Lawrence Stone defined the elements of the optimal search problem in his 1986 book, Theory of Optimal Search.
This was paraphrased extremely well by Cooper, Frost and Robe in their 2003 report – Compatibility of Land SAR Procedures with Search Theory as quoted below;
A probability density distribution on search object location and state (so the probability of containment, POC (a.k.a. POA for “probability of area”), for any subset of the possible locations and states can be estimated),
A detection function relating the probability of detecting (POD) the object if it is in a searched area to the density of the searching effort expended there,
A known finite amount of available searching effort, and
An optimization criterion of maximizing probability of finding the object in a desirable state (probability of success or POS) subject to the constraint on effort availability.
I will endeavour to simplify further. In order to need and/or use the mathematics of search theory you require four essential elements.
- The ability to predict the likelihood that an object is in any particular search area or region.

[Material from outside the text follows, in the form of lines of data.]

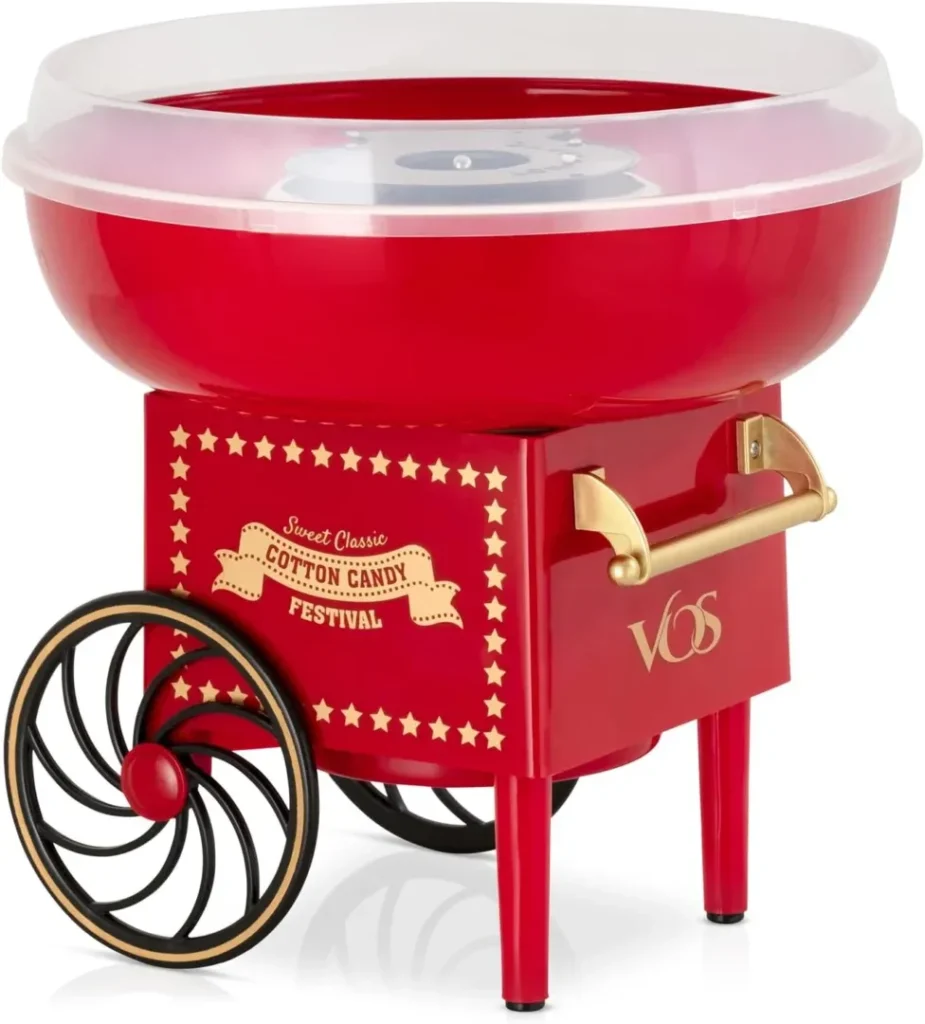 Cotton Candy Machine Kit - Red Retro Sugar Candy Maker, Effortless Home Cotton Candy Maker Machine with Comprehensive User-Friendly Guide, Ideal for Parties  Fun Gatherings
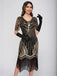 1920s Scoop Neck Sequin Tassels Charleston Dress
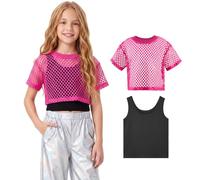 LOLANTA 2PCS Top Malla Neón Camisa Danza Niña Jazz Moderno Hip-Hop Discoteca Top Y2K Ropa Urbana para Baile con Chaleco, Rosa, 9-10 años, 140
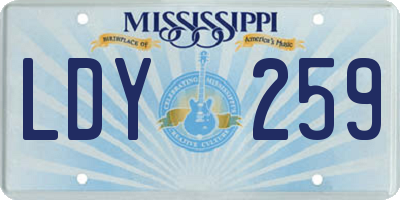 MS license plate LDY259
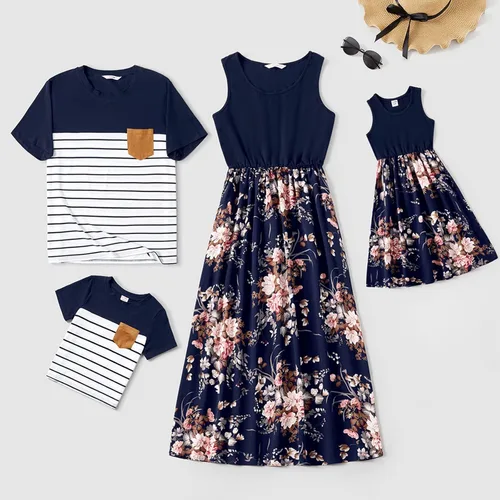 Vista 6 de PATPAT Conjuntos familiares a juego para mamá y yo, vestidos tropicales bohemios florales sin mangas, vestidos largos y camisetas a juego, Azul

This might be done using sophisticated computer software working with the latest missing person behaviour statistics, or could be as simple as a coming up with a consensus within the search planning team.
- The ability to calculate the likelihood a given search resource will have of finding the object if it in the area being searched – unfortunately we can’t ask how many clues would you have found! [See my definition of POD for a brief explanation of why]
- A limited but known amount of search resource – when do you ever get too much search resource?
- A method of calculating the best way to use the search resource to maximise the chances of finding the search object as quickly as possible.
I’ll look in detail at each of these in further posts.